§ Action item
Restate word for word the part of the material that runs from the line containing "7inch Vinyl Single" through its final line, inclusive, minus the pictures.

§ Provided data
____________________
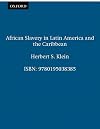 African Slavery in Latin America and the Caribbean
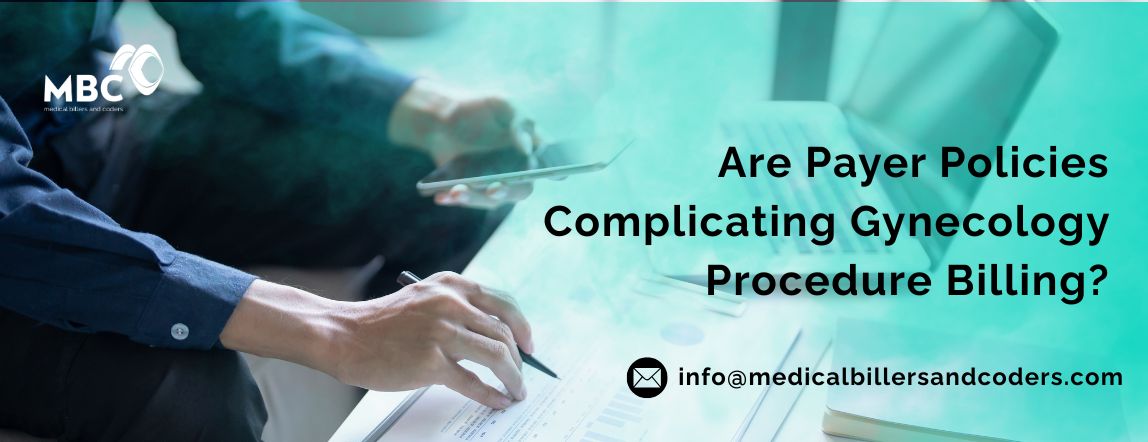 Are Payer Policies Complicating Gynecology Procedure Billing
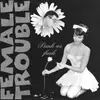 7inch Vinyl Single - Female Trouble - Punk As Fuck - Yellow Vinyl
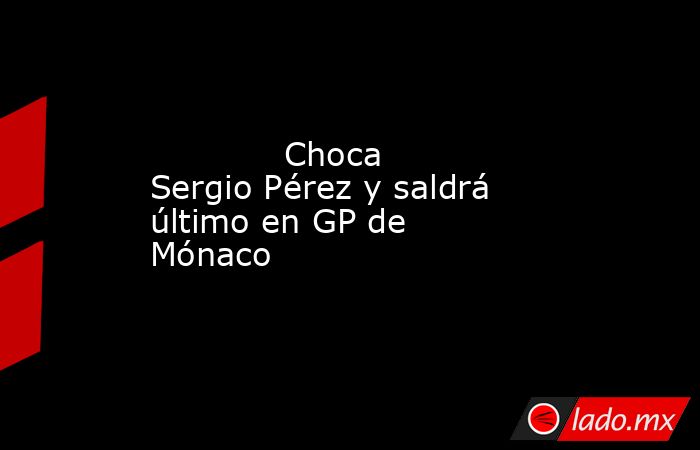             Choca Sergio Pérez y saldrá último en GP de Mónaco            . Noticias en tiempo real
____________________
§ Result of this exercise
 7inch Vinyl Single - Female Trouble - Punk As Fuck - Yellow Vinyl
             Choca Sergio Pérez y saldrá último en GP de Mónaco            . Noticias en tiempo real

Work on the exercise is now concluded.